Personal information
- Full name: Radhamés E. Mora
- Nationality: Dominican
- Born: 16 February 1948 (age 78) Santo Domingo, Dominican Republic
- Height: 1.70 m (5 ft 7 in)
- Weight: 77 kg (170 lb)

Sport
- Sport: Sprinting
- Event: 110 metres hurdles

= Radhamés Mora =

Dominican Republic sprinter (born 1948)

Radhamés E. Mora (born 16 February 1948) is a Dominican hurdler and sprinter. During his career, he was selected to be part of the Dominican Republic's team at the 1968 Summer Olympics. He competed in the men's 110 metres hurdles and the men's 4 × 400 metres relay at the 1968 Summer Olympics, though did not medal in either event.

==Biography==
Radhamés E. Mora was born on 16 February 1948 Santo Domingo in the Dominican Republic.

As a hurdler and sprinter, Mora was selected to compete for the Dominican Republic at the 1968 Summer Olympics held in Mexico City, Mexico.
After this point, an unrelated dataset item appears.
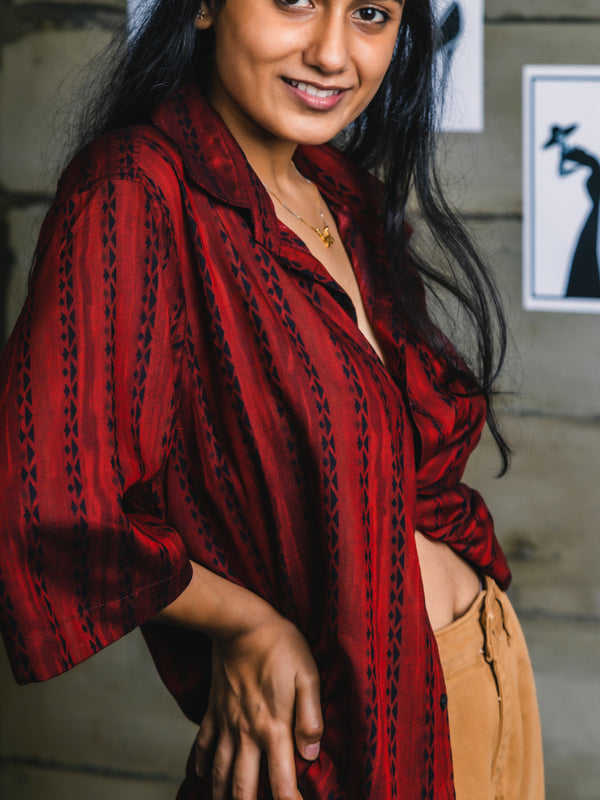 Wine Stripes Print Oversized Unisex Shirt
For his participation, he was entered in the men's 110 metres hurdles and the men's 4 × 400 metres relay.

Mora first competed in the preliminary heats of the men's 110 metres hurdles on 16 October. He raced in the fifth heat against six other athletes, namely: Viktor Balikhin, Alfredo Deza, Marcel Duriez, Sergio Liani, Lubomír Nádeníček, and Alan Pascoe. There, Mora recorded an automatically timed mark of 16.85 seconds and placed last, failing to advance to the semifinals as only the top three of his heat would be able to advance.

The men's 4 × 400 metres relay team for the Dominican Republic consisted of Mora and his teammates, Rolando Gómez, José L'Oficial, and David Soriano. They competed in the preliminary heats of the event on 19 October, competing in the first heat against four other relay teams. Together, they recorded a time 3:19.42 and placed last, failing to advance to the finals as only the top three of the heat and next fastest would be able to advance.